Fener Rum Patriği Bartholomeos, iki hafta kadar süren ve epey yankı uyandıran ABD seyahatini yeni tamamladı. Bartholomeos’un ve çevresinin ABD iç siyasetinde Biden yönetimine (demokratlara) yakın olduğunu, o nedenle seçim sonuçlarının Fener ve çevresinde memnuniyetle karşılanmadığını, önceki yazılarda yazmıştık.
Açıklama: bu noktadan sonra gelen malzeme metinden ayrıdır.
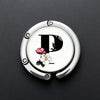 Silver foldable letter hanger hook with a pink and white flower design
Fener’in çeşitli vesilelerle Biden ekibine destek açıklamış olmasının yanı sıra, Fener’in Doğu Avrupa’daki Hristiyanların doğrudan ruhani lideri olma çabası (Ortodoks geleneklerine aykırı bir şekilde), ABD’de Doğu Avrupa’da nüfuz mücadelesine girmeyi savunan kesimlerin politikasıyla örtüşüyor; dahası, bu kesimler, bu siyasi çıkarları doğrultusunda, Fener’i buralarda dini alanda nüfuz mücadelesine sevk ediyordu. (daha önceden de yazdığımız üzere, ABD, 1940’ların ortalarından beridir, Doğu Avrupa’daki Ortodoks halkları etkisi altına alabilmek için, dini yöntemi de kullanıyor ve bu konuda, Fener Patrikhanesi’ni kullanmaya çalışıyor)
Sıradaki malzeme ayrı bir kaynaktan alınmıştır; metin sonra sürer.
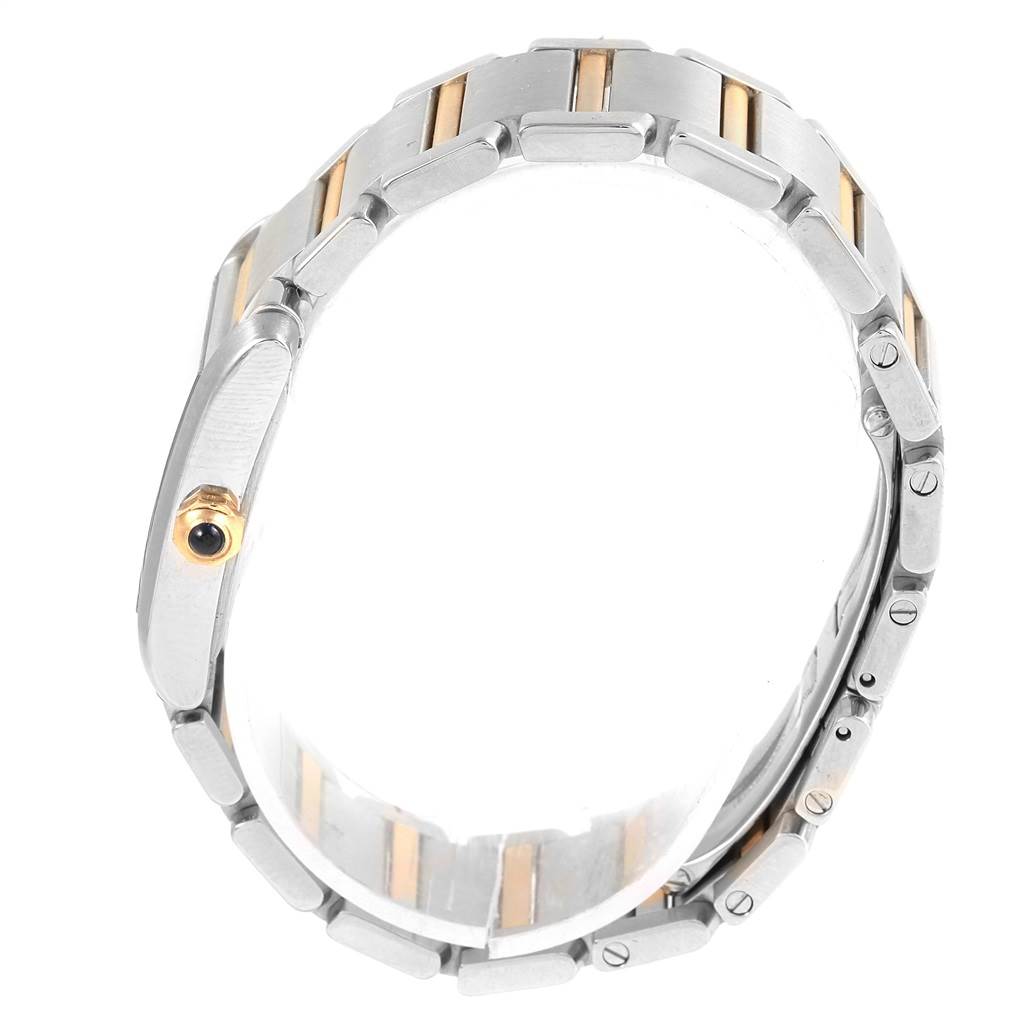 This image shows the side profile and the bracelet of a Cartier Tank Française watch, highlighting the crown and link design.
TRUMP’IN TAVRI FENER’İN ÇIKARLARINA TERSTİ

Biden döneminin Rusya ile zıtlaşmaya ve Ukrayna’yı bir ileri karakola dönüştürmeye dayanan dış politikası da bu açıdan, Fener’in çıkarlarına tam bir paralellik gösteriyordu. Zira, Ukrayna’yı ileri karakol haline getirme politikası, Ukrayna’daki Ortodoks nüfusun da Rus Ortodoks Kilisesi’nden (Moskova Patrikhanesi) kopartılması ve bu cemaatin Fener’e bağlanması politikasıyla paralellik içindeydi. Fener de böylelikle, Türk makamlarına karşı, “biz sadece Türkiye’deki Ortodoks cemaatin dini kurumu değil, dünyadaki milyonlarca Ortodoks’un lideriyiz” şeklindeki iddiasını güçlendirme imkanı bulmuş olacaktı. Trump’ın iktidardaki ilk aylarında Rusya’ya yönelik sergilediği uzlaşmacı tavır ise tahmin edileceği üzere, Fener’in çıkarlarına ters idi.

FENER, TRUMP İLE İLİŞKİLERİ DÜZELTİRKEN TRUMP İLE RUSYA’NIN ARASI BOZULDU

Ne var ki aradan geçen dönemde Trump yönetimiyle Rusya yönetimi arasındaki ilişkiler giderek bozuldu. Bunun dışında, Fener, ABD’deki temsilcileri aracılığıyla, Trump yönetimiyle ilişkileri onarma yoluna gitti. İşte Fener Patriği Bartholomeos’un Trump ile görüşmesi, tam da bu amacı taşıyordu.

Görüşmede Bartholomeos’un Trump’a Türkiye’deki Hristiyanların durumuyla ilgili kötüleyici ifadeler kullandığı, gerek Rum diasporasının, gerekse Yunanistan’ın pek çok yayın organında da geçiyor. Bu ifadeler, Türk basınının önemli bir bölümünde, haklı bir tepkiye neden olmuştu. Zira, bir Türk vatandaşı, Türkiye ile ilgili konuları, ABD başkanının önüne götürüp Türkiye’yi şikayet ediyordu.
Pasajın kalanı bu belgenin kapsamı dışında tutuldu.